- [What to work on]:
Where a line of the records holds the string "gian", copy that line.

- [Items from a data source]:
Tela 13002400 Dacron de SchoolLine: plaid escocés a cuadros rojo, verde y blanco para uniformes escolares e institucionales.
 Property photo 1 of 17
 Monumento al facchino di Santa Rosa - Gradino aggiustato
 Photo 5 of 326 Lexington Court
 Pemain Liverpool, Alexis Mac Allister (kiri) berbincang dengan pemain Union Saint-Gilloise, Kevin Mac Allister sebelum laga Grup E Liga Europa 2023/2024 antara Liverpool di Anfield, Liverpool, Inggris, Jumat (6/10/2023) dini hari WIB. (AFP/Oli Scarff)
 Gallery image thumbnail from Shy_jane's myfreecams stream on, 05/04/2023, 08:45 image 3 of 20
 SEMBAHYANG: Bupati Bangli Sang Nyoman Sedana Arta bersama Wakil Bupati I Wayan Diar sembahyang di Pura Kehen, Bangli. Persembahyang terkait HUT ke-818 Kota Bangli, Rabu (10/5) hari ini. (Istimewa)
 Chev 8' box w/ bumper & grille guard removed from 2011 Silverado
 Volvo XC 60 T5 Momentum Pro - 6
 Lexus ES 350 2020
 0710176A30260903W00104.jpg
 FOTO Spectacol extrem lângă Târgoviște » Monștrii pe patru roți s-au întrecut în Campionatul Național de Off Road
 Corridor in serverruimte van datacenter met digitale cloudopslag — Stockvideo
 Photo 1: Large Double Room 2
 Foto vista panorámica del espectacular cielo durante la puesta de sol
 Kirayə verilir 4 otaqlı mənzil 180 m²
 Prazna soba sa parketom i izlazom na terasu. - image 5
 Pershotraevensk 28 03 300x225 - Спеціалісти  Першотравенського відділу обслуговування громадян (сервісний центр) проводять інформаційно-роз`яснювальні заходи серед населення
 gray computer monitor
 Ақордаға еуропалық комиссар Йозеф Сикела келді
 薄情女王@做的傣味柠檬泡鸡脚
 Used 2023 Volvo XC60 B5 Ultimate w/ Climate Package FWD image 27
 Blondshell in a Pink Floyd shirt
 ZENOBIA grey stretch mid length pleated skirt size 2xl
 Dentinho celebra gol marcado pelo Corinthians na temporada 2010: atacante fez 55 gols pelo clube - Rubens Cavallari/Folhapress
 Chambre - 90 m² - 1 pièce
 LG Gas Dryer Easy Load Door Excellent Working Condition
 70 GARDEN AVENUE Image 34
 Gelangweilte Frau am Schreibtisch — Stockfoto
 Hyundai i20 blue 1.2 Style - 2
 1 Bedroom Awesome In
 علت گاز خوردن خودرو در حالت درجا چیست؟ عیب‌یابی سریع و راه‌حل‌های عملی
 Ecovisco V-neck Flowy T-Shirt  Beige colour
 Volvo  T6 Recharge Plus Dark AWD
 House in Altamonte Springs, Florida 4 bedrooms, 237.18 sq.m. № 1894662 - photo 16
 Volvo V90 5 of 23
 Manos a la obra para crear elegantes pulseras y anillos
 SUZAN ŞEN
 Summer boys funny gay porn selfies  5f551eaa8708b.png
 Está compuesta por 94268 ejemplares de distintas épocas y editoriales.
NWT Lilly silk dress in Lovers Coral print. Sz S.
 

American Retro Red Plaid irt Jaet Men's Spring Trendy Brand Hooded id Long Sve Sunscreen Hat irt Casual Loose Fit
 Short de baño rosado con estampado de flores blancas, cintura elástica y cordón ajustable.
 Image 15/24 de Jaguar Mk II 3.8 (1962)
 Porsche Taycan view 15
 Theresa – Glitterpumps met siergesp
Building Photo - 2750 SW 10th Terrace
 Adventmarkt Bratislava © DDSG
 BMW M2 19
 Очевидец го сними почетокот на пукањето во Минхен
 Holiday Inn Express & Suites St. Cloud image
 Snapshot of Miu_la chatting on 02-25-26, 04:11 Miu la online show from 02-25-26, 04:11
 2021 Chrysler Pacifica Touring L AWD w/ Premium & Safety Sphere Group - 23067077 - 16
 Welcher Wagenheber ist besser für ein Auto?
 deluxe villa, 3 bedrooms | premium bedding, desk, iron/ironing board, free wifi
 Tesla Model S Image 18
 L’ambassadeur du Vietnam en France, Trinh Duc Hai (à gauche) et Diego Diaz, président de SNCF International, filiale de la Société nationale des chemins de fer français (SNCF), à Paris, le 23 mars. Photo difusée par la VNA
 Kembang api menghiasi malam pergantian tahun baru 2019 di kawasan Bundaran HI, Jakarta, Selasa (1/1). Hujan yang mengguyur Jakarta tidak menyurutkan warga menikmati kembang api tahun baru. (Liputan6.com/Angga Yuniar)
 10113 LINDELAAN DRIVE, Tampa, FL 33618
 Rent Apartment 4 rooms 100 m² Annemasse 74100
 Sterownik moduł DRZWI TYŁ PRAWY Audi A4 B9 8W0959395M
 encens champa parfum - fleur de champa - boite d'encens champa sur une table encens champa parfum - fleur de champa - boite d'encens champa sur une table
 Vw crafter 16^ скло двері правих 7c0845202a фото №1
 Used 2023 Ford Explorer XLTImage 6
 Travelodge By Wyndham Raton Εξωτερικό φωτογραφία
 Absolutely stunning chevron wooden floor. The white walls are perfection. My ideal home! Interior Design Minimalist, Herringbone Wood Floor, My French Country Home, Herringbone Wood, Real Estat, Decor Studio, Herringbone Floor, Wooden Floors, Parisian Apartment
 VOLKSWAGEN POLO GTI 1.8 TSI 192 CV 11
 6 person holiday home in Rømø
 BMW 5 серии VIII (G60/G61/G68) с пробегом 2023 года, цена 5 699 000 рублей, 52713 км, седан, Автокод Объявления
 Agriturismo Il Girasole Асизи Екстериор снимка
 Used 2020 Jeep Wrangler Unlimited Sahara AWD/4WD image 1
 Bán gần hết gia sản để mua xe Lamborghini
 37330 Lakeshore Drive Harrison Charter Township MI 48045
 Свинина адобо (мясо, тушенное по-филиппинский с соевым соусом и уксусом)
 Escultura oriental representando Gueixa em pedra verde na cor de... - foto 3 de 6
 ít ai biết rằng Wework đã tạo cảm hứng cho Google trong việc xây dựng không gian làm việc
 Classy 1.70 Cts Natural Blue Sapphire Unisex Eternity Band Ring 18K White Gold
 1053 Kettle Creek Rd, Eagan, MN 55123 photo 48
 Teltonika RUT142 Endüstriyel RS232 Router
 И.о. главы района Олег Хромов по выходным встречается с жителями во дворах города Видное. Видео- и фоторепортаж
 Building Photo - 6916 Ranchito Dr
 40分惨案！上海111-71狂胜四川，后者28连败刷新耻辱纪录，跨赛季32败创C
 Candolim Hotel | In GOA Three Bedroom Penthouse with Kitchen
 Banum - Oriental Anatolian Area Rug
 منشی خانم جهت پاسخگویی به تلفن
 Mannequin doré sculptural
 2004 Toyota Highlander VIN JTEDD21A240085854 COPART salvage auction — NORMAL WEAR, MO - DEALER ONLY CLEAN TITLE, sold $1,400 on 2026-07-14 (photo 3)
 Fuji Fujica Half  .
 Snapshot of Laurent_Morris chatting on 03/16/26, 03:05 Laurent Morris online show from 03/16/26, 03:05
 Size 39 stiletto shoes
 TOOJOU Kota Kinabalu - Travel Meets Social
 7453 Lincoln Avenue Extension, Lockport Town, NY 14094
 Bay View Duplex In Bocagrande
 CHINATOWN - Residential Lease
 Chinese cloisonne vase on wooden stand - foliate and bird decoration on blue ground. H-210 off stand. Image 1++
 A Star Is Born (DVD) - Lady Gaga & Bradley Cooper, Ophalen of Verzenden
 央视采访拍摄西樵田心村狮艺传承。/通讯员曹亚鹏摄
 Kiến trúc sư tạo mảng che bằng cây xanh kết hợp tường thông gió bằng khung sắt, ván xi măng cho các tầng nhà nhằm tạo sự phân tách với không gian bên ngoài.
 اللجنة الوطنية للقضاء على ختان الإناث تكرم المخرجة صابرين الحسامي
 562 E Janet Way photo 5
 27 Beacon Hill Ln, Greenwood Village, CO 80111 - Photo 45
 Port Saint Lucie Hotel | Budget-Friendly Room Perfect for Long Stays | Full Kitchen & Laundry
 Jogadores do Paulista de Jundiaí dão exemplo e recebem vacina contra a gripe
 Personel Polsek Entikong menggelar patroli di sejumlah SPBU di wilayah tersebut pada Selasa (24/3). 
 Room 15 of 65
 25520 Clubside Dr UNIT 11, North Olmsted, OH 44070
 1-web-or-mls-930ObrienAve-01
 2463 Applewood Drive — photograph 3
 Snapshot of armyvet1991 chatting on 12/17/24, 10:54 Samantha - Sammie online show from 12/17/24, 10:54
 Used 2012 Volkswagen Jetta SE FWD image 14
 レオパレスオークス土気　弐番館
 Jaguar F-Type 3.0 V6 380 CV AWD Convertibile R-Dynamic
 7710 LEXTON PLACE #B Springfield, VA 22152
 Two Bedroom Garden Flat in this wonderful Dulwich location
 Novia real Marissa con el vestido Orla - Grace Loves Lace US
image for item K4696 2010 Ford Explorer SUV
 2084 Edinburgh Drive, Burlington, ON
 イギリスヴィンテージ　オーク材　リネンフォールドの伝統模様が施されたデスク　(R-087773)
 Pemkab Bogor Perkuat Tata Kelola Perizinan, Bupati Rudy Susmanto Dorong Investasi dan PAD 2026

- [Written response]:
 ít ai biết rằng Wework đã tạo cảm hứng cho Google trong việc xây dựng không gian làm việc
 Kiến trúc sư tạo mảng che bằng cây xanh kết hợp tường thông gió bằng khung sắt, ván xi măng cho các tầng nhà nhằm tạo sự phân tách với không gian bên ngoài.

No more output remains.